Dear Governor Abbott,

I just happened to catch your remarks from yesterday afternoon, the ones you made while visiting the Austin gun range to sign the bill that lowers the cost of gun licenses in Texas. The Dallas Morning News story I read said that you celebrated by firing a 9 mm handgun into a target, and then displayed your handiwork by declaring, “I’m gonna carry this around in case I see any reporters.”

We all make dumb jokes from time to time, and maybe you meant that carrying around proof of how good a shot you are would inoculate you against anyone suggesting otherwise. Fake news! But if I may just remind you of the context: in the last 48 hours a Republican candidate for Congress in Montana, Greg Gianforte, body slammed a reporter before marching on to victory. I also happened to catch a photo on Twitter last night of a Trump supporter wearing a T-shirt with the caption “Journalist, Rope, Tree.”
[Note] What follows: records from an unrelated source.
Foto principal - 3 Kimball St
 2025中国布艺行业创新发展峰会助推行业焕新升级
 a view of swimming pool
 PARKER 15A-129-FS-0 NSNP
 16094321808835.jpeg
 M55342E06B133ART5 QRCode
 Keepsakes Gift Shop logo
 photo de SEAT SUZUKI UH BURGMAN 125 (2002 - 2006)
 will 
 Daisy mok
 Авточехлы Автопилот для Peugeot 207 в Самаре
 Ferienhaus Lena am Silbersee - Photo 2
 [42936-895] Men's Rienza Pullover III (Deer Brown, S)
So forgive me if I fail to see the humor in your words. I’ve devoted most of my adult life to the profession of journalism, virtually all of it in a state both of us love. I think we can agree that our common goal is to make Texas a better place for everyone, even if we disagree on the means. The last time I checked, the First Amendment was still in place, and the governor of Texas was still responsible for protecting the rights and safety of all Texans, regardless of party affiliation, political belief, or profession.

But I don’t feel very safe, Governor Abbott. It’s bad enough watching journalists murdered around the world for doing their jobs—104 journalists killed in Mexico alone since 2000—but to hear my governor intimate that he’s now gunning for reporters fills me with dread. Would you have said the same about blacks or Latinos? I doubt it. Catholics or Jews? I don’t think so. My guess is that you wouldn’t have even taken such aim at Planned Parenthood volunteers. And yet it’s acceptable nowadays to suggest reporters are the enemy, to inflame those who might take your “joke” as a directive.

I’m not going to waste a lot of time talking about journalism being structurally adversarial—you know, comforting the afflicted and afflicting the comfortable and all that. And I’m not going to get into a dancing-on-the-head-of-a-pin argument comparing good and bad journalists; the same discussion could be had of doctors, lawyers, and public servants. All I’m saying is that we live in a time of growing hatred and divisiveness, and it’s profoundly disappointing to see that instead of exercising leadership, the governor of my state is fanning the flames.

And, you know, I’m not just a reporter. I’m a wife and mother, and a grown daughter responsible for the care of her dad. People depend on me to take care of them. Your recent remarks make me wonder whether I can depend on you to do the same.